**ASSIGNMENT:** With images removed, transcribe each record exactly as it appears.

PROVIDED RECORDS START

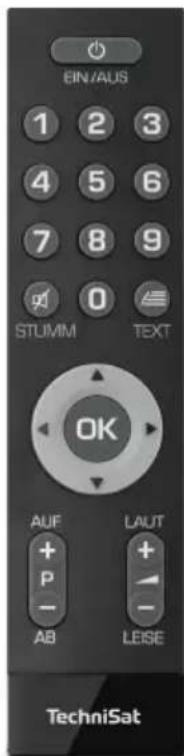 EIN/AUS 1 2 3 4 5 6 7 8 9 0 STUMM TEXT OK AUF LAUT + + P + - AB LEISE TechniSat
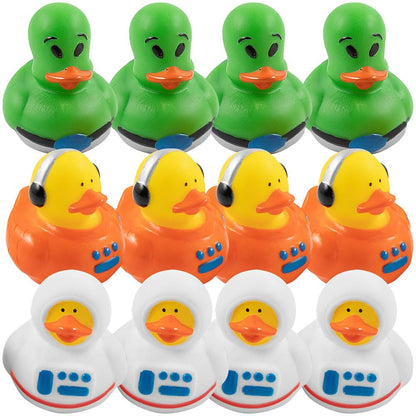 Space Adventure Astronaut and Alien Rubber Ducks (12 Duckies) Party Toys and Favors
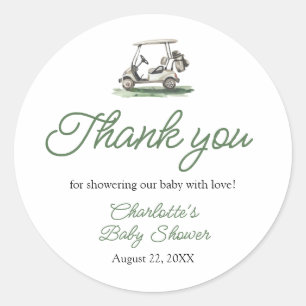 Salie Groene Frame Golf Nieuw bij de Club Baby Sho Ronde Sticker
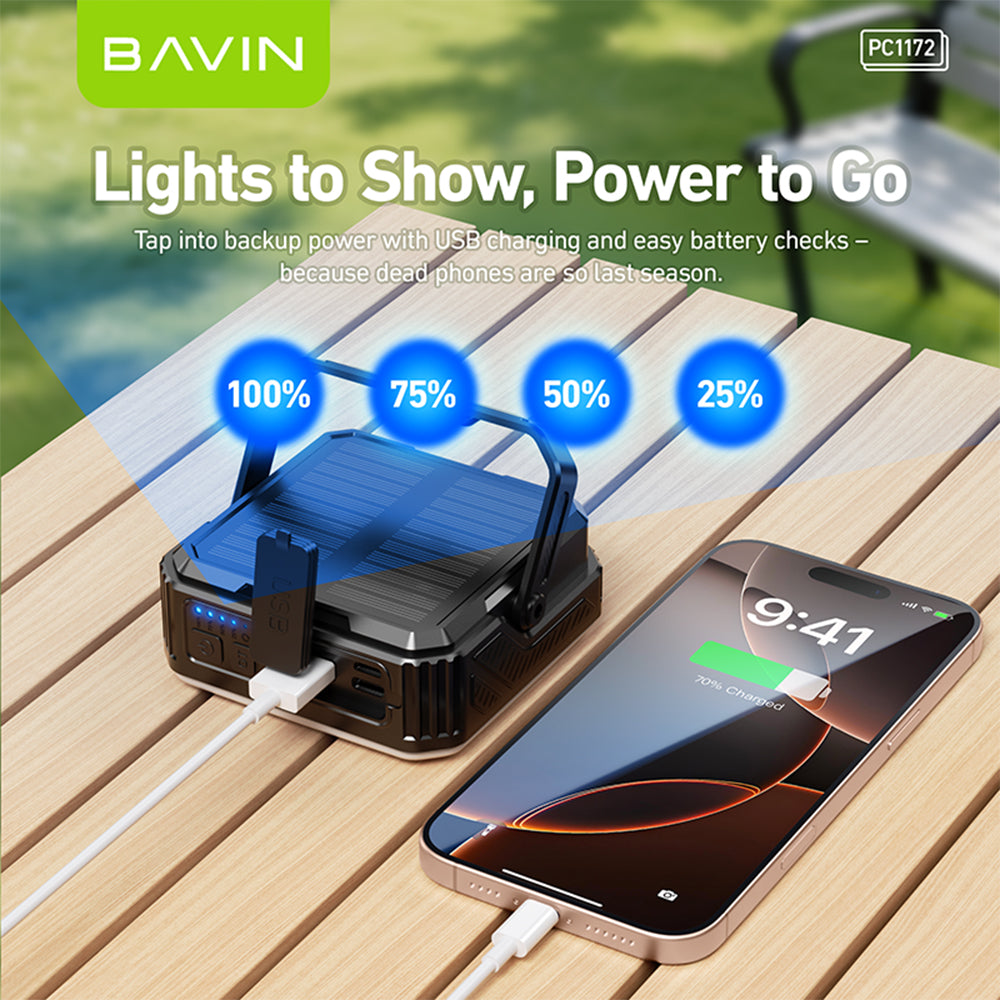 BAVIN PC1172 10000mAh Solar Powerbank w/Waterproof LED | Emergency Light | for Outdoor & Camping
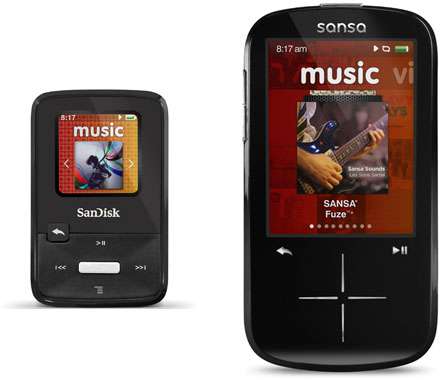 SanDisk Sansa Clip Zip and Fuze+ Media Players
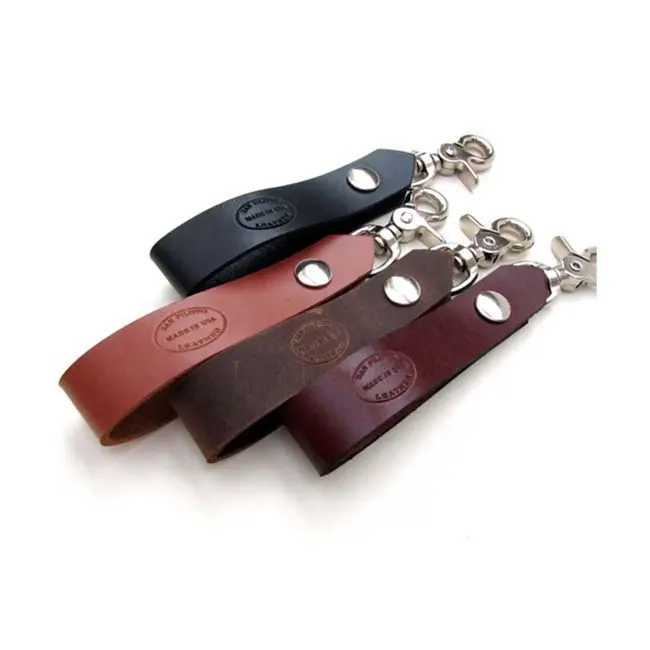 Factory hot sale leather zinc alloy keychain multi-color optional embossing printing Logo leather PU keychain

PROVIDED RECORDS END

**WRITTEN REPLY:**
 EIN/AUS 1 2 3 4 5 6 7 8 9 0 STUMM TEXT OK AUF LAUT + + P + - AB LEISE TechniSat
 Space Adventure Astronaut and Alien Rubber Ducks (12 Duckies) Party Toys and Favors
 Salie Groene Frame Golf Nieuw bij de Club Baby Sho Ronde Sticker
 BAVIN PC1172 10000mAh Solar Powerbank w/Waterproof LED | Emergency Light | for Outdoor & Camping
 SanDisk Sansa Clip Zip and Fuze+ Media Players
 Factory hot sale leather zinc alloy keychain multi-color optional embossing printing Logo leather PU keychain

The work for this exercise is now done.